Material quality was far worse, the best glass produced in those centuries would be laughable today if we didn't know what damage it can cause, comfort was non-existent, tons of basics about fitting and prescription did not exist. We are legitimately talking about strapping basic magnifying lenses to your face. These things were not popular, they were devices used for very specific purposes, and the blunt and grim reality is that folks with what we'd now consider pretty simple visual acuity issues probably weren't making it to a point in life and society where 'affording optical care' was an option.
posted by neonrev at 5:17 PM on March 5 [1 favorite]


I'd like to take this opportunity to thank everyone ever involved in making corrective lenses more widely available. I've been wearing glasses since I was five, and my vision has gotten so bad over the intervening years that I'd be useless with them now.
posted by mollweide at 5:56 PM on March 5 [3 favorites]

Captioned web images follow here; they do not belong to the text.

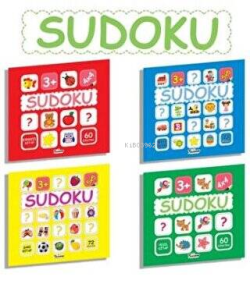Çocuklar İçin Sudoku Seti - 4 Kitap Takım - Kolektif | Yeni ve İkinci 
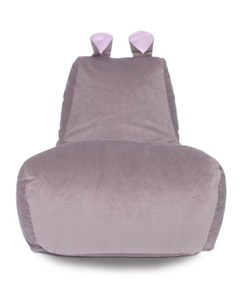 Кресло-мешок Бегемот кофе/розовый в Чите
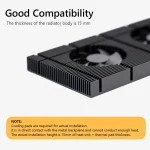 RTX 3090 GPU Backplate Memory Cooler Fan 4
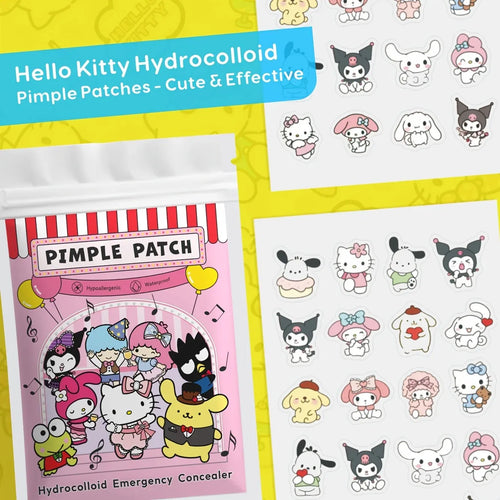 Hello Kitty hydrocolloid pimple patch sticker pack with character icons, 88PCS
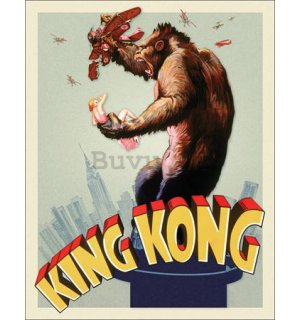 Targa in latta - King Kong
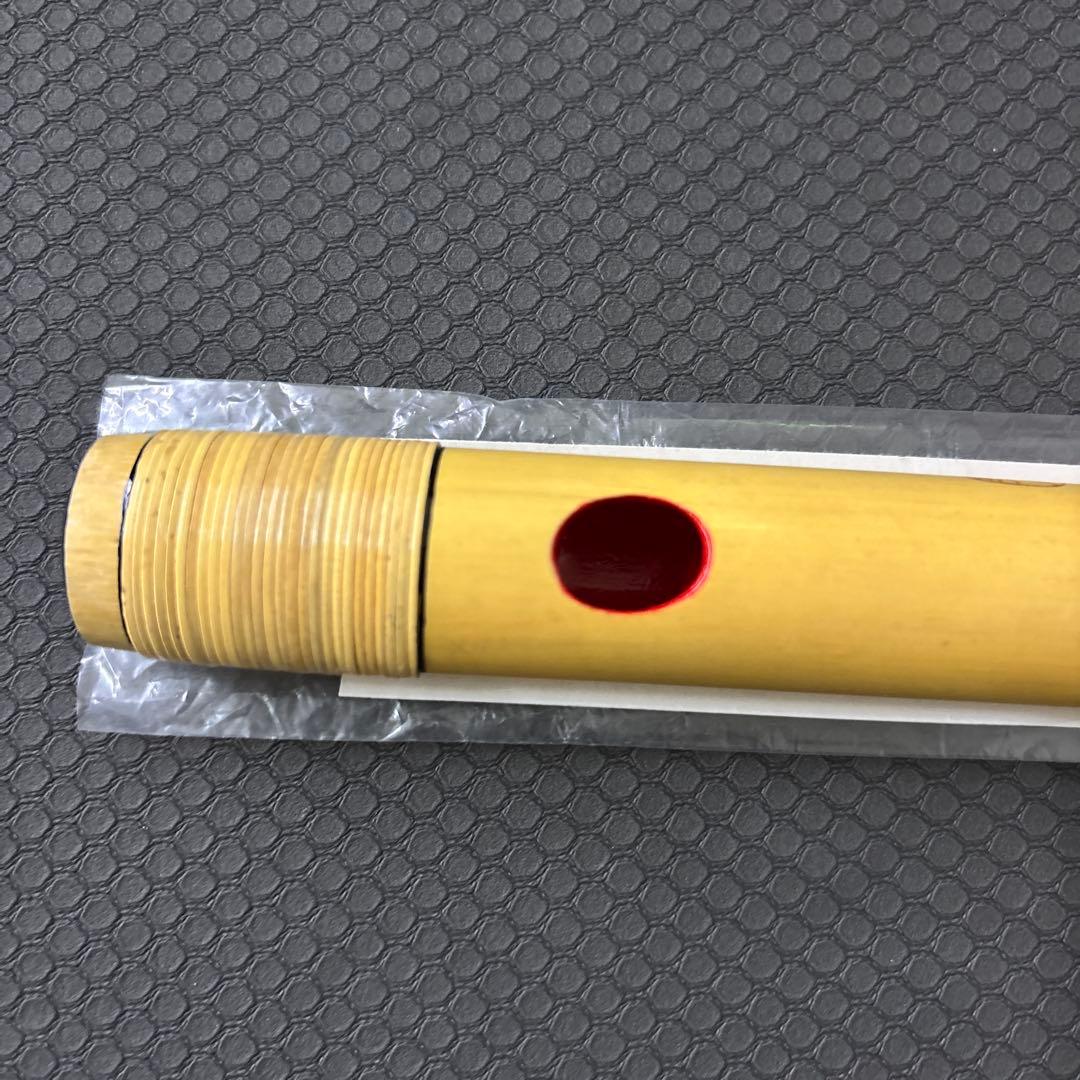 紫水流篠笛 獅子田藤巻　6穴　4本調子　(有)大岡楽器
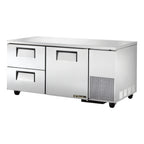 Thumbnail image #1 for True Mfg. - General Foodservice TUC-67D-2-HC 2-Section Undercounter Refrigerator, 1 Door/2 Drawers, Stainless Steel, Side-Mounted Self-Contained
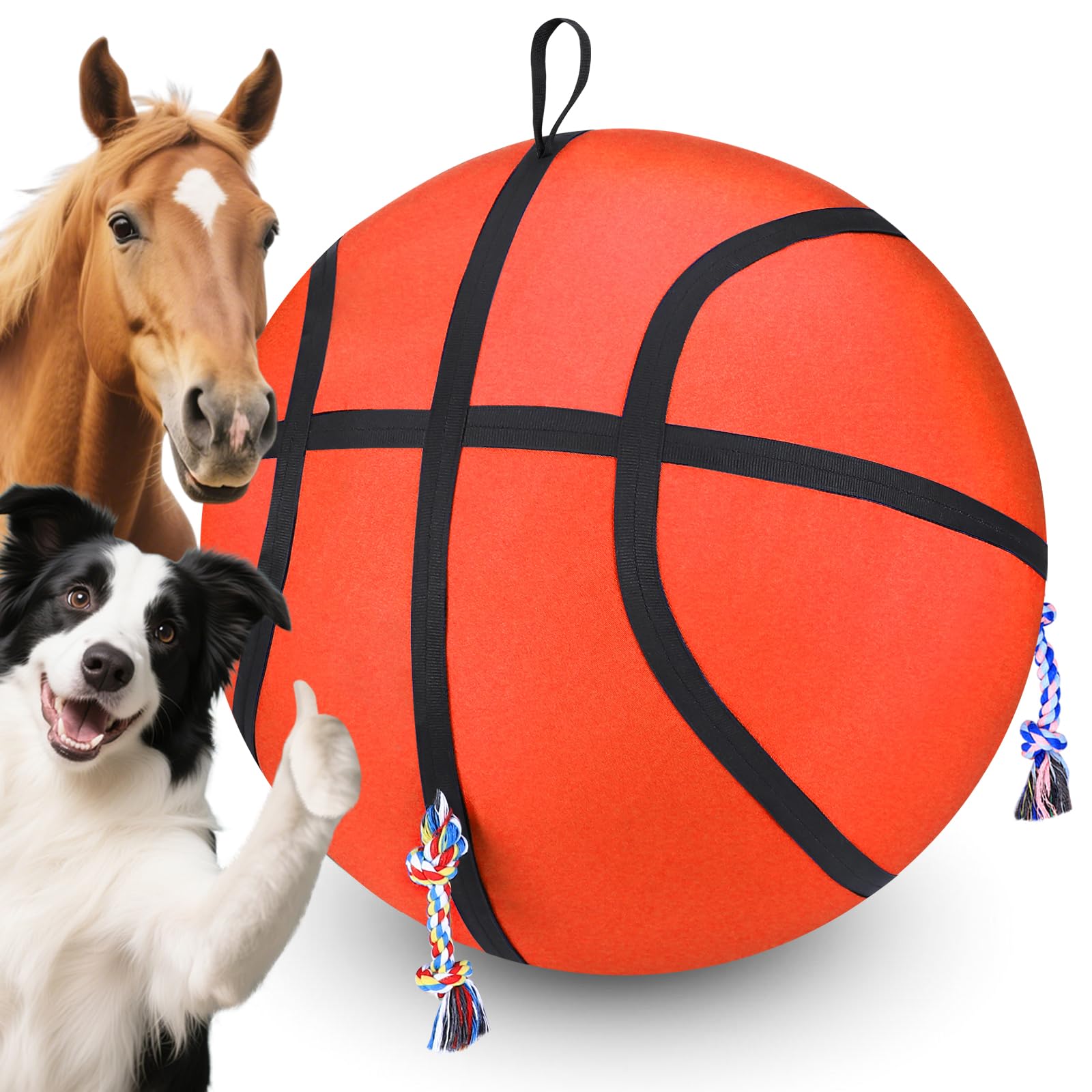 AIPERRO 25 Herding Ball for Dogs, Upgrade & Reinforce Medium to Large Dog Training Toys for Australian Shepherd, Horse Balls wit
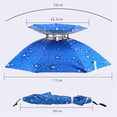 thumbnail image 3 of Double-layer Hat Umbrella Anti-ultraviolet Sunscreen Cap Fishing Parasol Breathable Anti-rain Umbrella Cap, 3 of 7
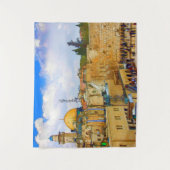 Westerne muur in Jeruzalem (Muur van Sorrow) Wandkleed (Voorkant)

And by 1600 they'd spread to Japan, which shows how rapidly people adopted glasses since Japan was pretty darn closed off back then. There's a memorial to eye glasses being brought to Japan in Ueno Park.

And yet despite glasses being around since the 1400s for whatever reason no one figured out ear pieces until the 1700's, which is just staggering to me.

Which also makes Mizu's glasses in Blue Eye Samurai anachronistic. Glasses did exist in Japan at that time, but not with rigid ear pieces.
posted by sotonohito at 7:54 PM on March 5 [1 favorite]


Interesting article!

I watched the linked video. Did anybody else who watched it find the narrator's voice to be extremely uncanny valley and just... odd? If it's computer-generated some really weird choices about how to sound human have been made, but if it's human-generated it sounds like someone trying to sound computer-generated.

For the record, I don't expect at this point to be able to consistently tell the difference.
posted by inexorably_forward at 3:49 AM on March 7


for whatever reason no one figured out ear pieces until the 1700's, which is just staggering to me.

Consistent metallurgy with non-reactive alloys, is the core answer. There are a lot of problems involved with what materials can comfortably and safely sit on the face for hours, and getting metals that thin yet strong isn't easy. These are expensive items and no one wanted them getting broken easily, and think of how often stems break even now.